*Exercise requirements*
Please return exactly the lines below that run from the line with "如何换手机字体（如何换手机字体免费）" through the end of the listing, both included, but not the pictures.

*Data shown*
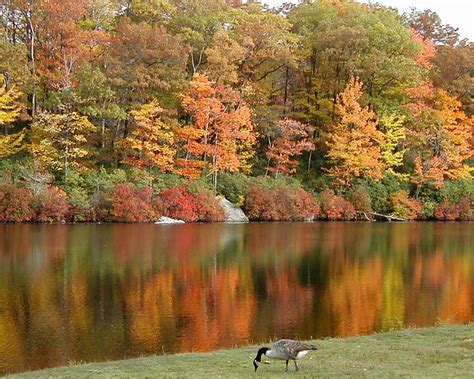 The beach has been closed since that time. Lake Sebago, Harriman State Park, New York | Explore ...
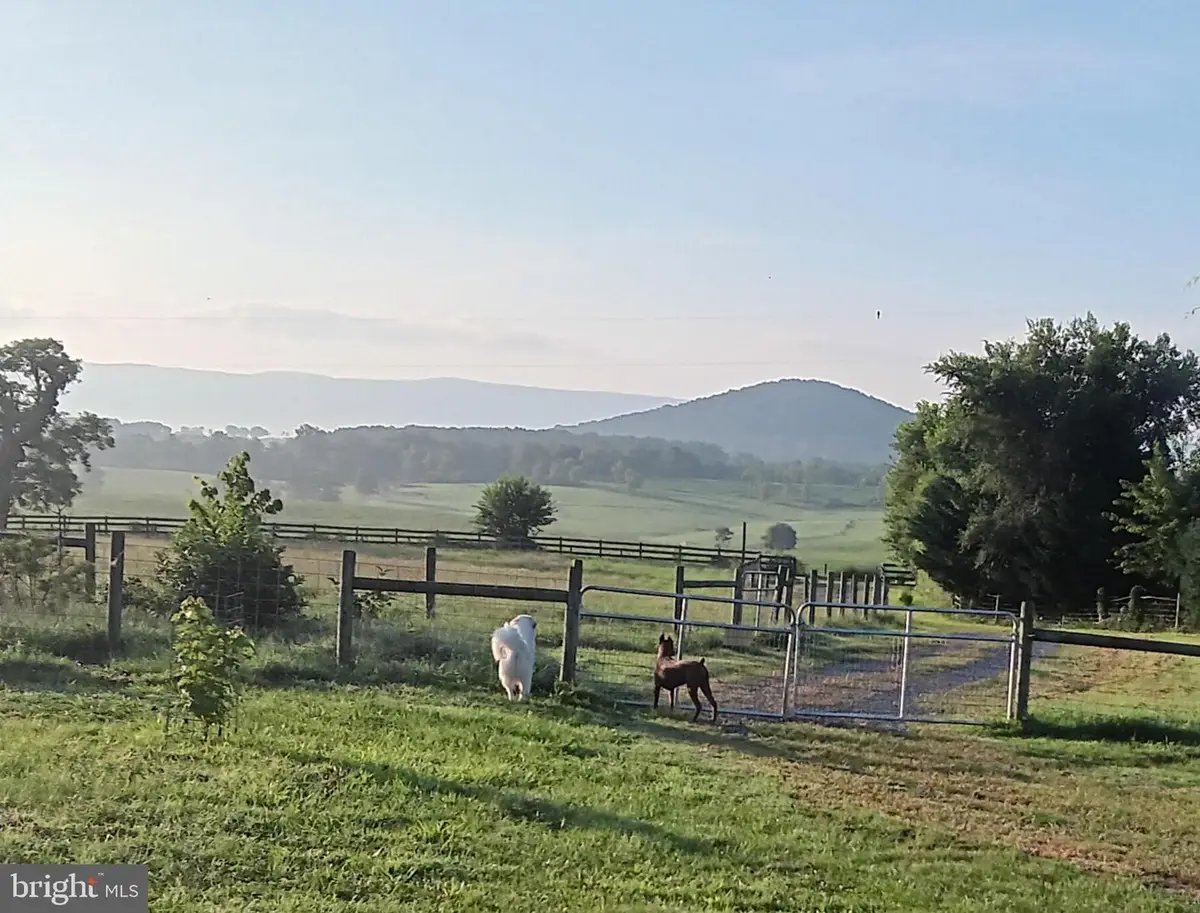 867 Kibler Rd, Quicksburg, VA 22847 - #1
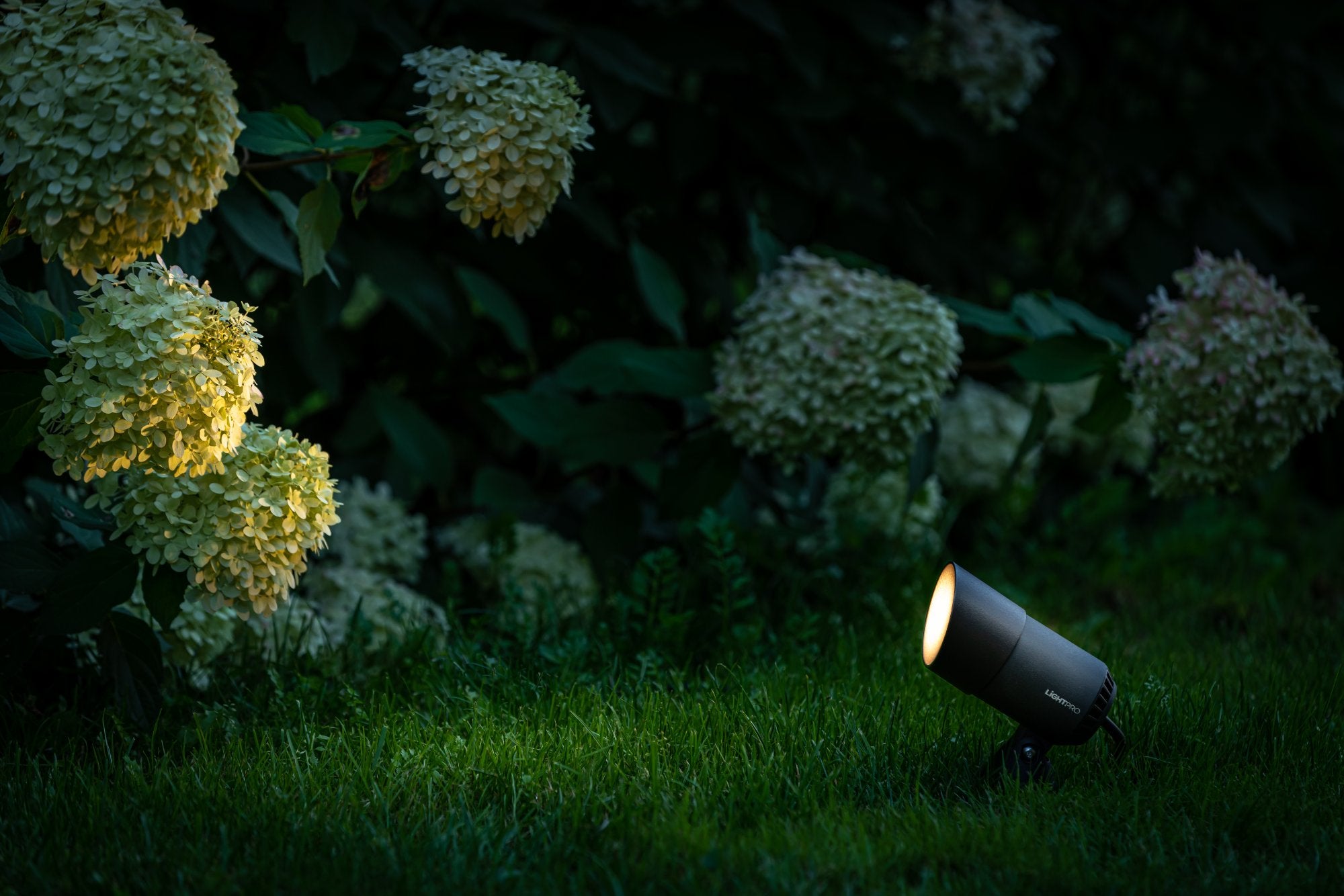 Een Lightpro tuinspot verlicht siergrassen in een avondtuin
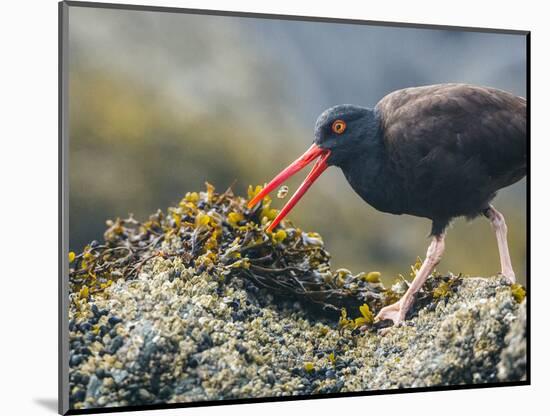 USA, Washington, San Juan Islands. Black Oystercatcher Eating Clams-Gary Luhm-Mounted Photographic Print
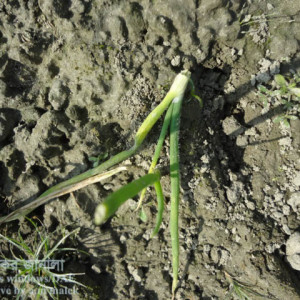 পেঁয়াজের কাটুই পোকা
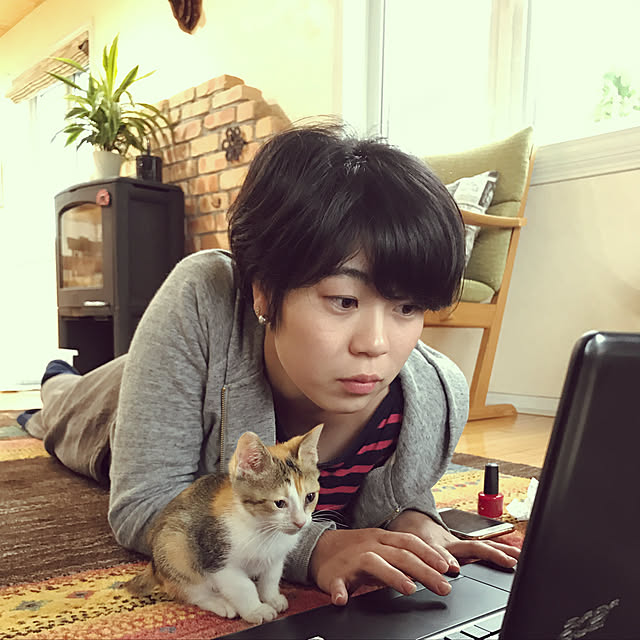 実例写真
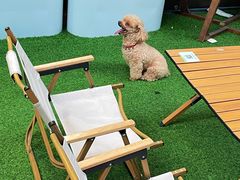 -Dough&Joe团憩(瑞虹天地月亮湾店)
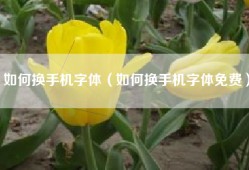 如何换手机字体（如何换手机字体免费）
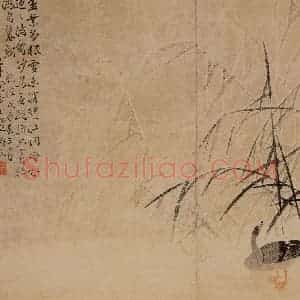 1748年 边寿民《芦雁图册》国画花鸟写意作品图片赏析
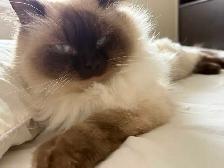 Rehoming Ragdoll Male Cat - Neutered - Photo 2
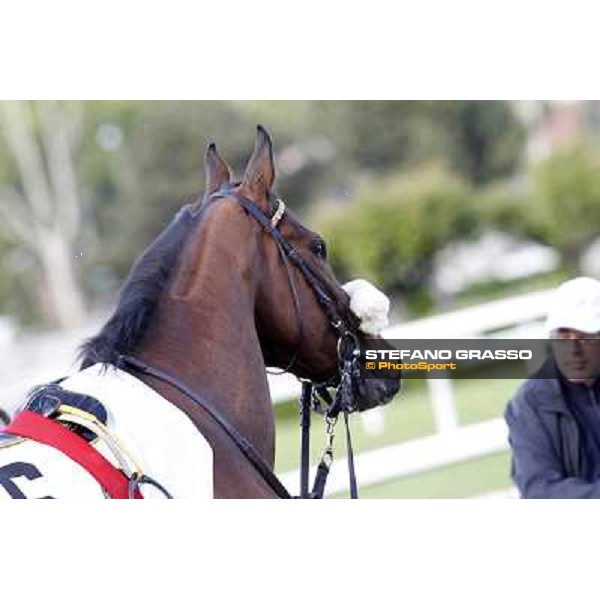 Smoking Joe Milano - San Siro galopp racecourse, 22nd april 2012 photo Stefano Grasso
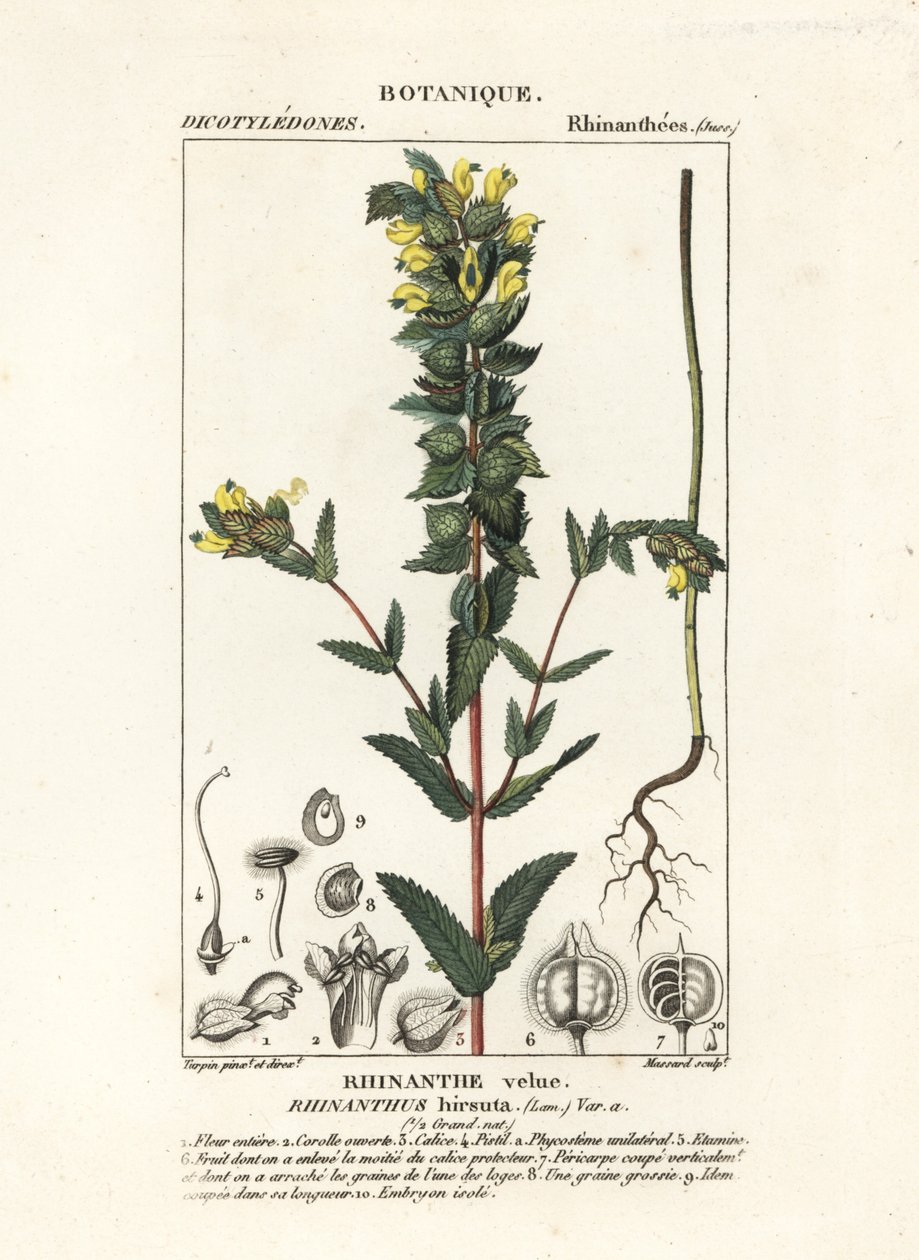 Rhinanthus alectorolophus da Stanghi Stanghi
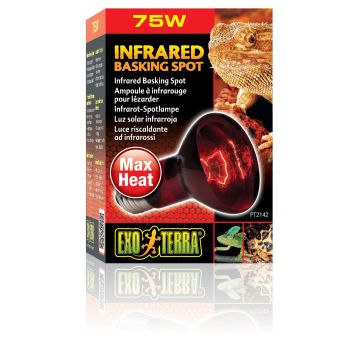 Exo Terra Infrared Basking Spot R20/75W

*Answer space*
 如何换手机字体（如何换手机字体免费）
 1748年 边寿民《芦雁图册》国画花鸟写意作品图片赏析
 Rehoming Ragdoll Male Cat - Neutered - Photo 2
 Smoking Joe Milano - San Siro galopp racecourse, 22nd april 2012 photo Stefano Grasso
 Rhinanthus alectorolophus da Stanghi Stanghi
 Exo Terra Infrared Basking Spot R20/75W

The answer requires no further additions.